▶ _GIVEN RECORDS_
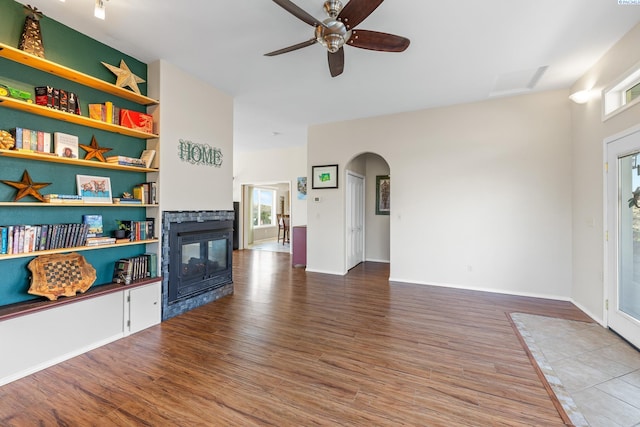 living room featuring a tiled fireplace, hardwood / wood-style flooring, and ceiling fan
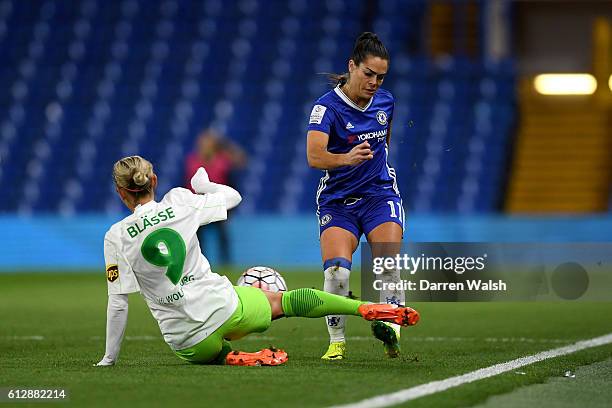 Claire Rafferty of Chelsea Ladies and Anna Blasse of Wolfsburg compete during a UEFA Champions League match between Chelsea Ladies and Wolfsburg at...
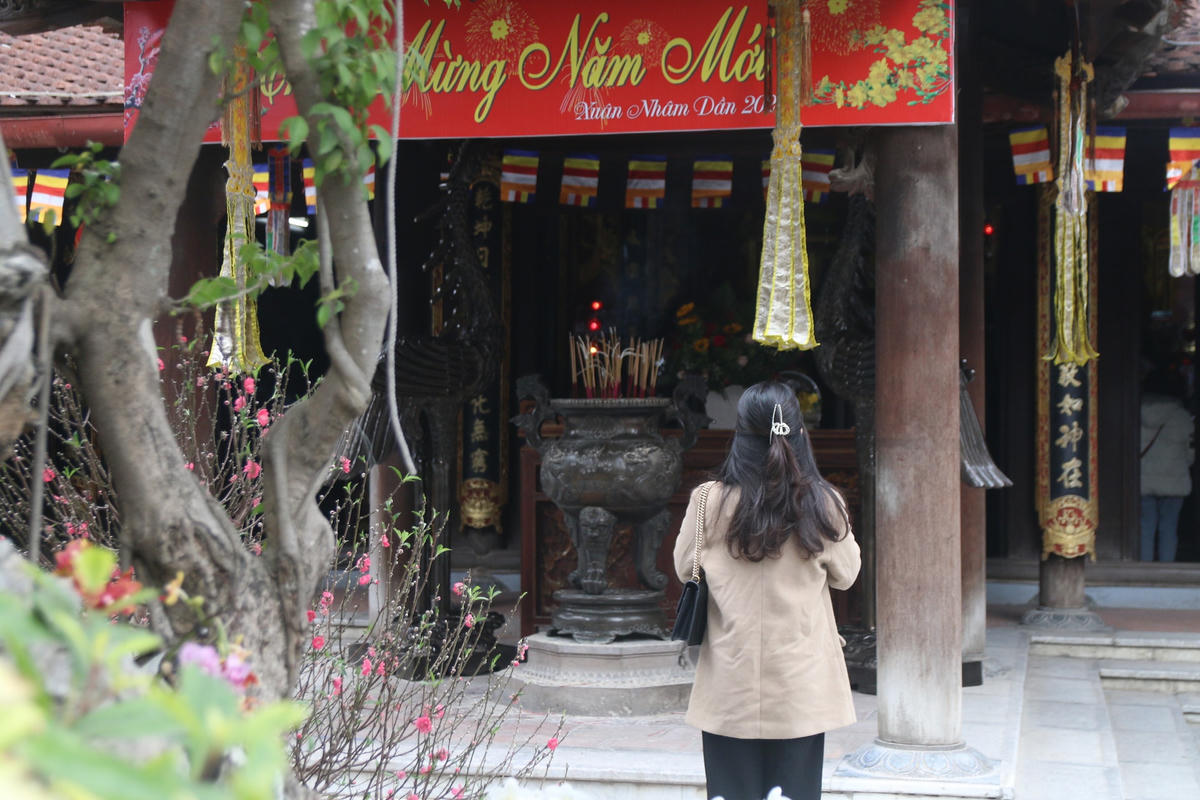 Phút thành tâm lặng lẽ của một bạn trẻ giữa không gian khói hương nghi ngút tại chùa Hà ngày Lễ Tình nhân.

--

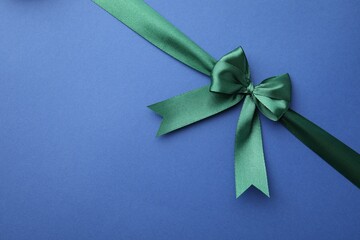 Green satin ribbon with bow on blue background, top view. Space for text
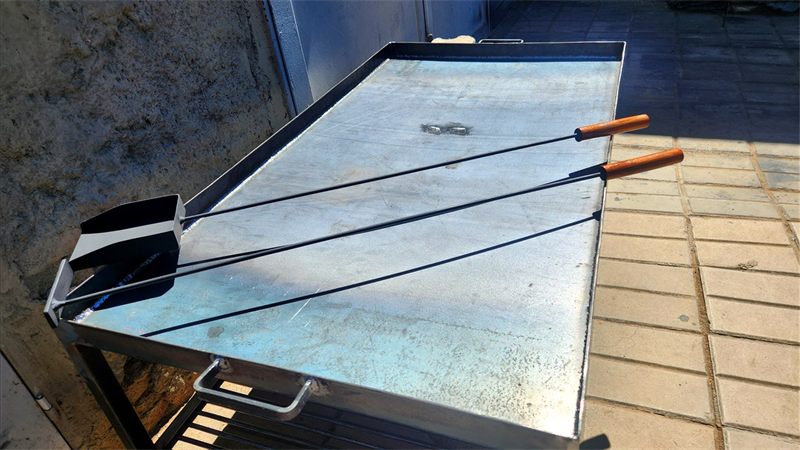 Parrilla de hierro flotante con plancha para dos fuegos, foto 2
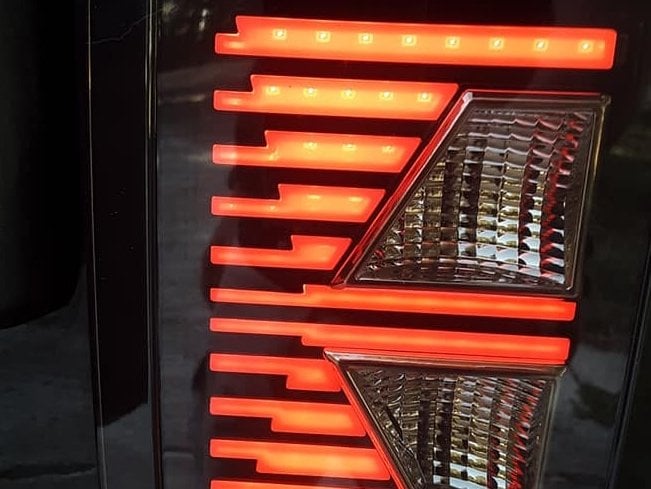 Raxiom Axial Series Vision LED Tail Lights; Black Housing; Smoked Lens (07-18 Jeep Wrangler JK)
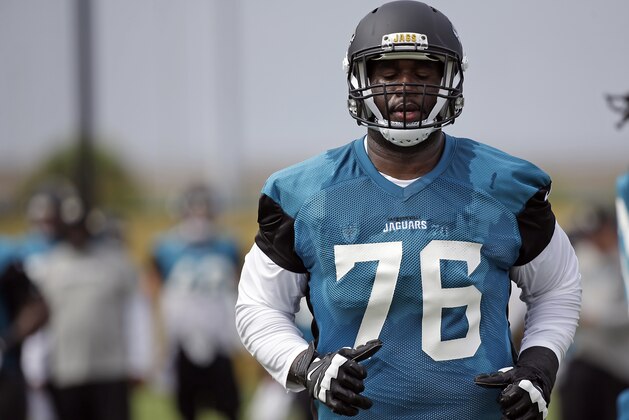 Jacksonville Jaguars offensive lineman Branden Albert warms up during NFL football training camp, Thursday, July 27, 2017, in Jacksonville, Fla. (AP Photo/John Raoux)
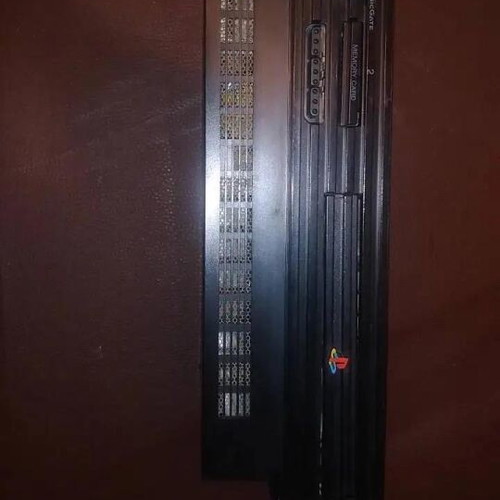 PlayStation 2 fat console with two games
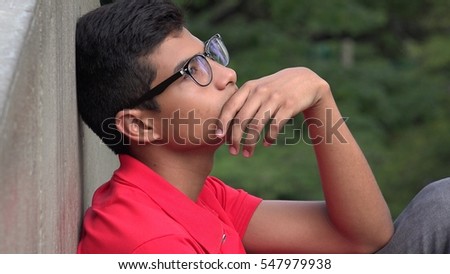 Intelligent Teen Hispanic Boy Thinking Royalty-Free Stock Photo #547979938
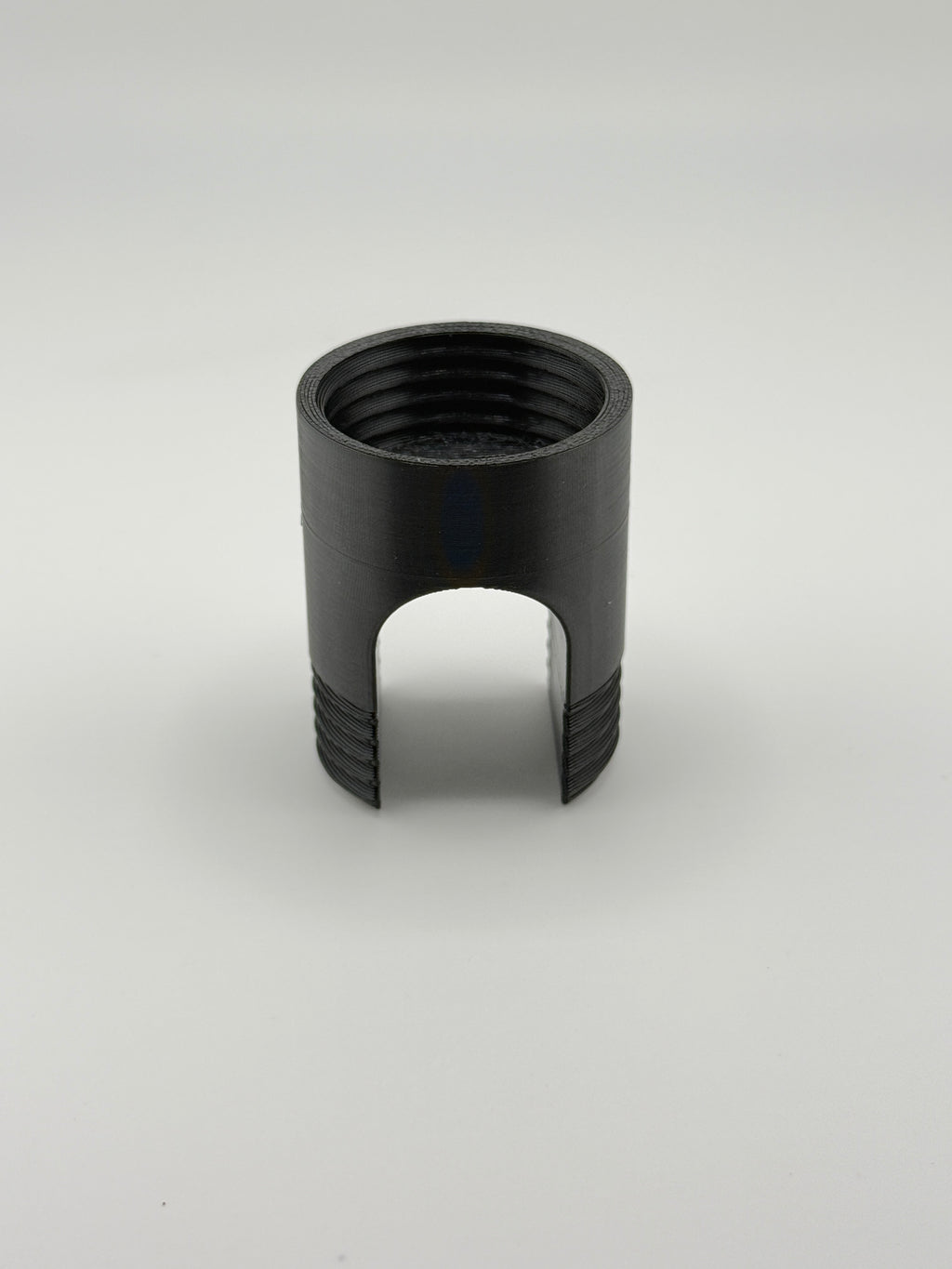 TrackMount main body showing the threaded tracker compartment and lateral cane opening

▶ _TASK PROMPT_
Write back the stretch of lines above that begins with the line holding "Green satin ribbon" and ends with the line holding "PlayStation 2 fat console with two games", both included, exactly as written. Pictures stay out.

▶ _EXERCISE OUTPUT_
 Green satin ribbon with bow on blue background, top view. Space for text
 Parrilla de hierro flotante con plancha para dos fuegos, foto 2
 Raxiom Axial Series Vision LED Tail Lights; Black Housing; Smoked Lens (07-18 Jeep Wrangler JK)
 Jacksonville Jaguars offensive lineman Branden Albert warms up during NFL football training camp, Thursday, July 27, 2017, in Jacksonville, Fla. (AP Photo/John Raoux)
 PlayStation 2 fat console with two games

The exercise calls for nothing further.